Right to Manage: a guide for landlords

The Right to Manage

The Right to Manage (RTM) lets some leasehold property owners take over management of the building - even without the agreement of the landlord.

As a landlord, the leaseholders in your building will send you notice if they plan to do this. If they’re successful, you’ll still own the building but they’ll manage it.

This means they’ll be responsible for things like:

  • collecting and managing the service charge
  • upkeep of communal areas (such as communal hallways and stairs)
  • upkeep of the structure of the building (such as the roof)
  • dealing with complaints about the building from other leaseholders

Qualifying leaseholders can use the Right to Manage for any reason - they don’t have to prove the building has been badly managed.

Right to Manage companies

To use the right, leaseholders must set up an RTM company and follow certain procedures. The RTM company can manage the building directly, or pay a managing agent to do it.

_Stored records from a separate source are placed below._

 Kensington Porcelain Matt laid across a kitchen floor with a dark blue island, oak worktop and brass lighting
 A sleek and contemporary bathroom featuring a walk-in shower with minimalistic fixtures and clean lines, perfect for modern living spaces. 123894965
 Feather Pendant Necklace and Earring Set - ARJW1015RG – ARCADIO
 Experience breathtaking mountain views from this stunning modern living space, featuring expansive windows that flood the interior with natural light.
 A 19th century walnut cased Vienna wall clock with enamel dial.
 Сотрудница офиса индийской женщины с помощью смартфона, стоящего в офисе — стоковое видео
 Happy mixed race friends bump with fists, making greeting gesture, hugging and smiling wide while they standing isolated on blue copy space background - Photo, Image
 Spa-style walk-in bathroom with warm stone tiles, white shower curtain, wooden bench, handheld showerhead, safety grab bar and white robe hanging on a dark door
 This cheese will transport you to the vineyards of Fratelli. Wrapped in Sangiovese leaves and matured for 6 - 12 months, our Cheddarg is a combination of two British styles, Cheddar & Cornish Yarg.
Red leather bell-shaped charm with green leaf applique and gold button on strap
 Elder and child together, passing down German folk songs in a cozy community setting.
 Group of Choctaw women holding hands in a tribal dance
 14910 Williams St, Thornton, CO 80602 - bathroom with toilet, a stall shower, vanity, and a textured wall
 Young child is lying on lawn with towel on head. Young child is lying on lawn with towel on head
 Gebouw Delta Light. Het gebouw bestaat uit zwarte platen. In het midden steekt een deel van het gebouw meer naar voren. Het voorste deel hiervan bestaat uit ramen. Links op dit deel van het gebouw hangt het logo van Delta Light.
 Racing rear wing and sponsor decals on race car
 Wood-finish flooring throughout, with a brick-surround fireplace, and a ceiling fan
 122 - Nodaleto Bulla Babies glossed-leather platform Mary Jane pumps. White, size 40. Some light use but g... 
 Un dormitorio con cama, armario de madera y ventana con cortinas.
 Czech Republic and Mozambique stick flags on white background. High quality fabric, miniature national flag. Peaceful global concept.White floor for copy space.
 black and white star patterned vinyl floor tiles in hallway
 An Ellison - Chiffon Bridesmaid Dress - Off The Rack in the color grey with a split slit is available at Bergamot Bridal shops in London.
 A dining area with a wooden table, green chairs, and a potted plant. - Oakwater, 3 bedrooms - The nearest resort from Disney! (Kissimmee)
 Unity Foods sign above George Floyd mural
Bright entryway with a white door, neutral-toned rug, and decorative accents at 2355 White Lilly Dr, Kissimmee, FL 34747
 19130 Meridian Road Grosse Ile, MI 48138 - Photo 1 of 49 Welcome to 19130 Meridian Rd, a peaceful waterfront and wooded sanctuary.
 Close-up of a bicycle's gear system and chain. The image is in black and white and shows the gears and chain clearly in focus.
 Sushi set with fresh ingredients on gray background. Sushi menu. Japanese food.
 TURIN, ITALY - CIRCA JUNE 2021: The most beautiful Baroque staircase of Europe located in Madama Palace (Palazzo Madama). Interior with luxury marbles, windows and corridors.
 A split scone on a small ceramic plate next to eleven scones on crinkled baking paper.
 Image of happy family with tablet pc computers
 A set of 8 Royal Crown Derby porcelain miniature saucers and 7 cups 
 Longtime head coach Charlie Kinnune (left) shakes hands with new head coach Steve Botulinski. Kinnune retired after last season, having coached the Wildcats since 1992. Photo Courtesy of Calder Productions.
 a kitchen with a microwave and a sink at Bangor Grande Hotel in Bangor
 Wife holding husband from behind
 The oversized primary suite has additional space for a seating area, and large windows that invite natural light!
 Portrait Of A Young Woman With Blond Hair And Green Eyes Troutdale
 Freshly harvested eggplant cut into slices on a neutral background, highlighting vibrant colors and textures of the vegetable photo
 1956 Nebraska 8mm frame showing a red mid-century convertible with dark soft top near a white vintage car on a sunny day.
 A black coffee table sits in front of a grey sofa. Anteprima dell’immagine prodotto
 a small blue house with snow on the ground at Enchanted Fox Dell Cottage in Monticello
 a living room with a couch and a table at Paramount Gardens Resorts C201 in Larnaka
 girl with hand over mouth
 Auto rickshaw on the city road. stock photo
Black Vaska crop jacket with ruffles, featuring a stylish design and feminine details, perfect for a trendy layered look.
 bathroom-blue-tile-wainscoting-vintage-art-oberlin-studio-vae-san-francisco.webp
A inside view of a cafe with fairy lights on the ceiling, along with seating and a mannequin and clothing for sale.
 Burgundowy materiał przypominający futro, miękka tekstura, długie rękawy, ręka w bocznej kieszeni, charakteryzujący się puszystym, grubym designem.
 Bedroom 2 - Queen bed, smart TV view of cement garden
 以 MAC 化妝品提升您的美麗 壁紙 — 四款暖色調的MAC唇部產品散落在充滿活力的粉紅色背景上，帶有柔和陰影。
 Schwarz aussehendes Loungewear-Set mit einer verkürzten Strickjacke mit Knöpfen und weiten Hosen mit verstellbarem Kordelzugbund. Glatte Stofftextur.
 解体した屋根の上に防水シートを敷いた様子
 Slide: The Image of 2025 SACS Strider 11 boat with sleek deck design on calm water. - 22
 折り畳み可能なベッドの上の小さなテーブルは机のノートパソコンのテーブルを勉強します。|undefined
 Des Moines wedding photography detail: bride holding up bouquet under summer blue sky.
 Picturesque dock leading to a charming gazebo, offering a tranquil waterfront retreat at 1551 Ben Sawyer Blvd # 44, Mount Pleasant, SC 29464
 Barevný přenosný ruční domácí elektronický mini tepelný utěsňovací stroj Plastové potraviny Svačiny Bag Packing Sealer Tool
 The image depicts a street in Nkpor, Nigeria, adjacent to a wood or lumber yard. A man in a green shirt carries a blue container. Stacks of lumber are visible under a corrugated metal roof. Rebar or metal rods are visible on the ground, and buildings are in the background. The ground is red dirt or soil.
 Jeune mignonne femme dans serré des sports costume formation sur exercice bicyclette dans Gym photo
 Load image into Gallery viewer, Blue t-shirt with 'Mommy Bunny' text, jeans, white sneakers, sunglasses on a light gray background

As landlord, you have the right to be a member of the RTM company and to vote on decisions. You get at least 1 vote. How many votes you’ll get depends on how many flats you own in the building.

There are 20 flats in the block. 16 are owned by leaseholders. 4 are owned by you and rented out on assured shorthold tenancies. You get 4 votes - 1 for each of the flats you own and rent out.

The RTM company must pay for any costs you incur during the management transfer process - even if it doesn’t end up managing the building.